The present disclosure relates to a circuit board and a manufacturing method thereof.
Recently, the need for highly integrated circuit boards has led to the implementation of microcircuits. In order to implement microcircuits, the thickness of the seed layer must be reduced, but the general chemical copper plating process has limitations, so a sputtering process is used to form a low-thickness seed layer.
However, if the depth of a via hole is deep, the seed layer formed by the sputtering process inside the via hole has poor coverage. In other words, the coverage decreases toward the bottom of the via hole, which can result in unplated regions inside the via hole. Under these conditions, if a conductive layer is formed by the plating process using the seed layer inside the via hole as a seed, poor voids may occur in the unplated region.

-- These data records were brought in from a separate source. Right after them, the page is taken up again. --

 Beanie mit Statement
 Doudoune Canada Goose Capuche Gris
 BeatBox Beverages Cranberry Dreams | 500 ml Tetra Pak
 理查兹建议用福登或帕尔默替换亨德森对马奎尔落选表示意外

The present disclosure attempts to provide a circuit board and a manufacturing method thereof capable of improving coverage of a seed layer positioned inside a via hole to minimize defects.
However, embodiments of the present disclosure are not limited to those mentioned above and may be variously extended in the scope of the technical ideas included in the present disclosure.

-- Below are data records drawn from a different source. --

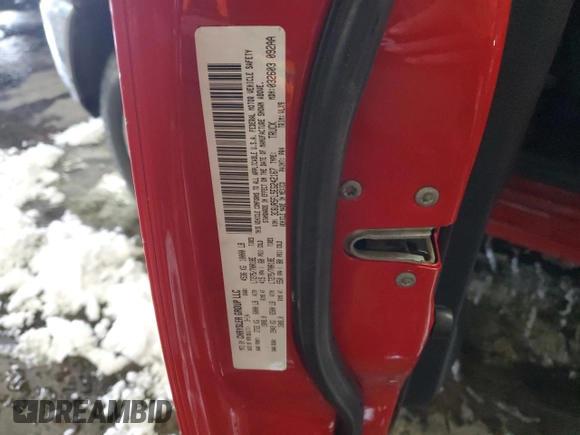 2014 Ram 2500 Laramie with VIN 3C6UR5FL5EG242167, listed as a Copart auction lot 87645625 with 139,516 mi miles and Salvage title. Bid and sale history available at DreamBid. Image 12.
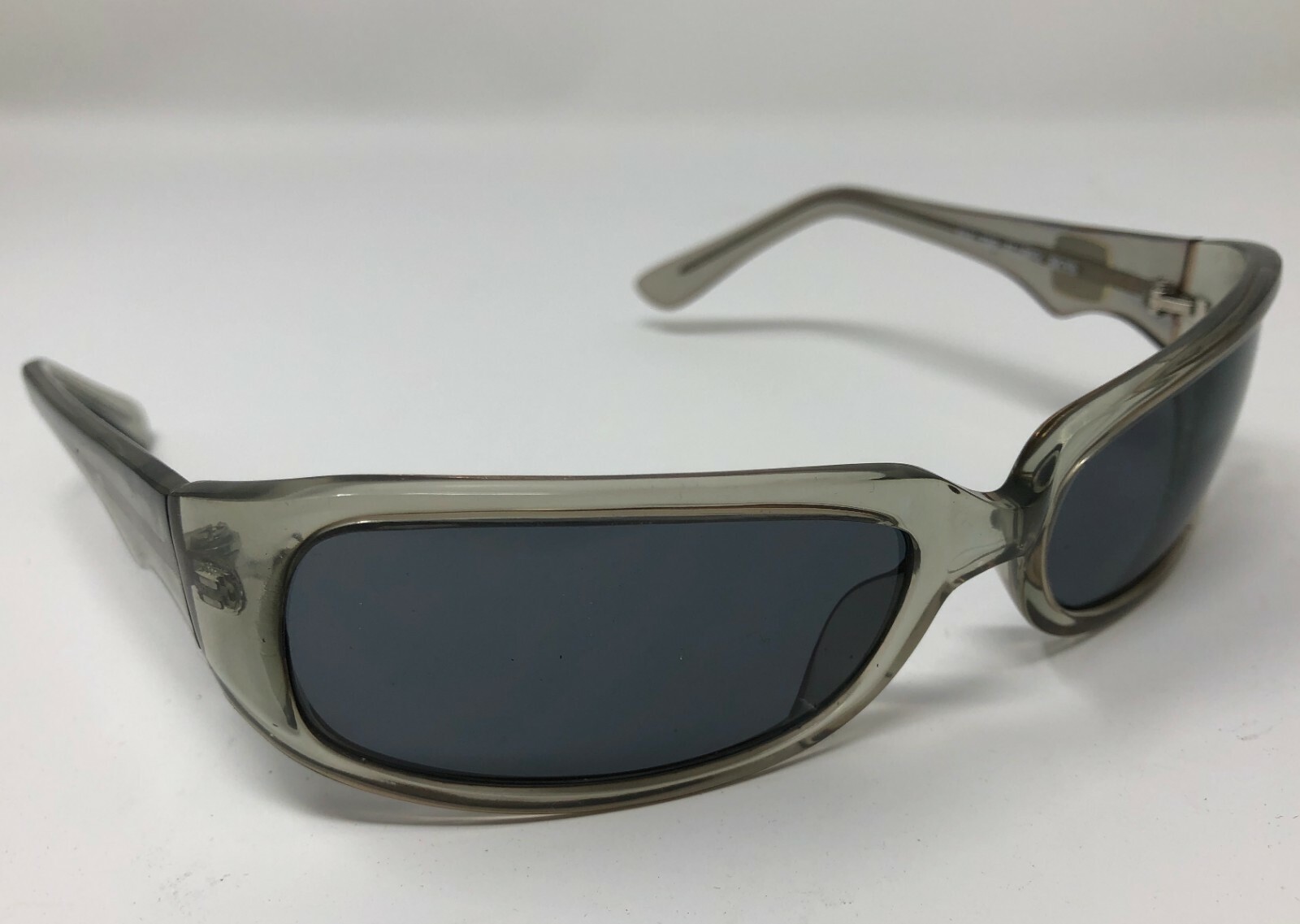 NEW Black Flys Mach 2 Crystal Grey Sunglasses Gray Lens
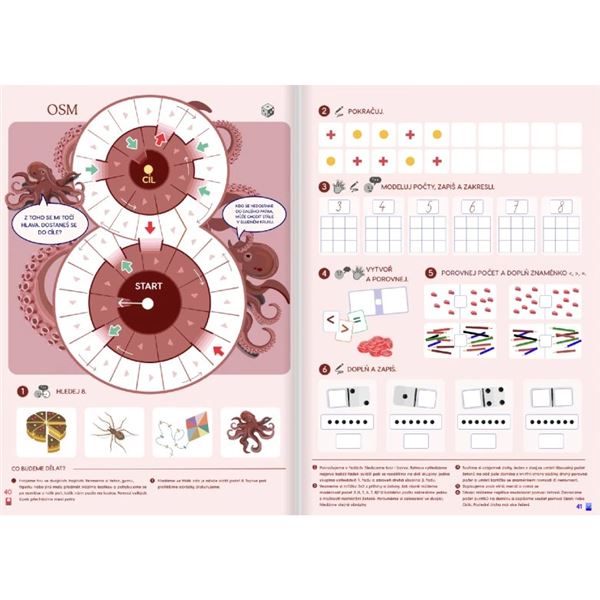 Matematika 1. ročník/ 1. díl - pracovní učebnice
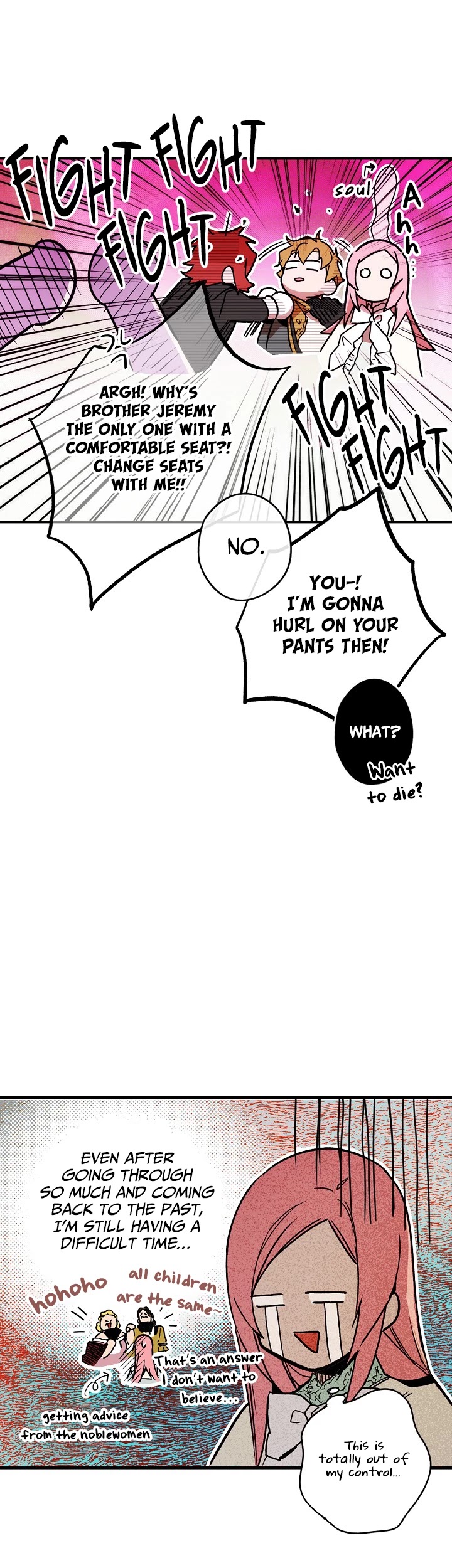 A Stepmother's Fairy Tale Chapter 38 page 29 - Chapter 38: Christmas (5)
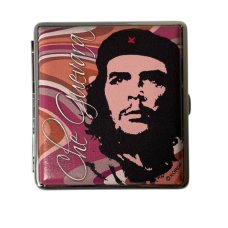 Портсигар "CHE" на 20 сигарет, рожевий Портсигар "CHE" на 20 сигарет, рожевий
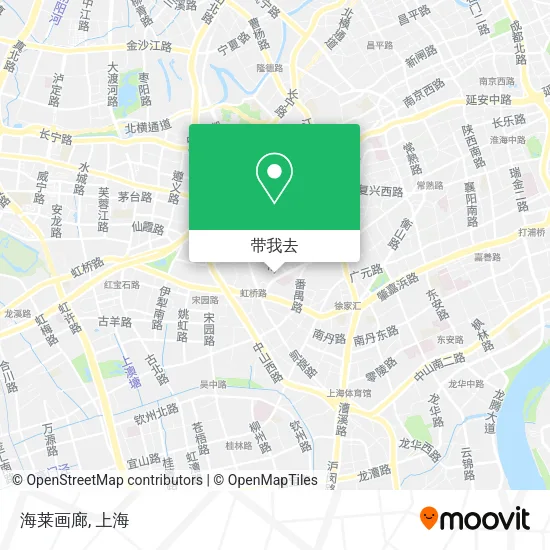 海莱画廊地图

A circuit board according to an embodiment includes a first insulation layer, a circuit wire positioned on the first insulation layer, a second insulation layer covering at least a portion of the circuit wire and overlapping at least a portion of the circuit wire, and having a via hole including a first side wall and a second side wall having different tilt angles and extending in the thickness direction of the first insulation layer, a first seed layer covering the first side wall and the second side wall of the via hole, a second seed layer positioned in the via hole and covering the first seed layer, a third seed layer positioned on an upper surface of the second insulation layer and including the same material as the second seed layer, a first conductive layer positioned on the second seed layer, and a second conductive layer positioned on the third seed layer.
The first side wall extends from an upper part surface of the second insulation layer, and the second side wall may extend from the first side wall to an upper part surface of the circuit wire.
A first tilt angle of the first side wall relative to the upper part surface of the circuit wire may be smaller than a second tilt angle of the second side wall.
A length of the first side wall may be shorter than a length of the second side wall.
The first seed layer includes a first upper part seed layer covering the first side wall, a first lower part seed layer covering the second side wall, and a first bottom seed layer covering an upper part surface of the circuit wire, the thickness of the first bottom seed layer may be uniform.
A maximum thickness of the first upper part seed layer may be thicker than a maximum thickness of the first lower part seed layer.
The second seed layer includes a second upper part seed layer covering the first upper part seed layer, a second lower part seed layer covering the first lower part seed layer, and a second bottom seed layer covering the first bottom seed layer, the thickness of the second bottom seed layer may be not uniform.
The first conductive layer and the second conductive layer may include the same material.
The first conductive layer may be in contact with a portion of the first seed layer.
A manufacturing method according to an embodiment includes forming a circuit wire on a first insulation layer, forming an insulation layer on the first insulation layer to cover the circuit wire and including a second insulation layer and a protection film covering the second insulation layer, forming a via hole in the insulation layer overlapping at least a portion of the circuit wire, forming a first seed layer covering a side wall of the via hole and an upper part surface of the protection film using a chemical copper plating process, removing the protection film, and forming a second seed layer and a first conductive layer on the first seed layer.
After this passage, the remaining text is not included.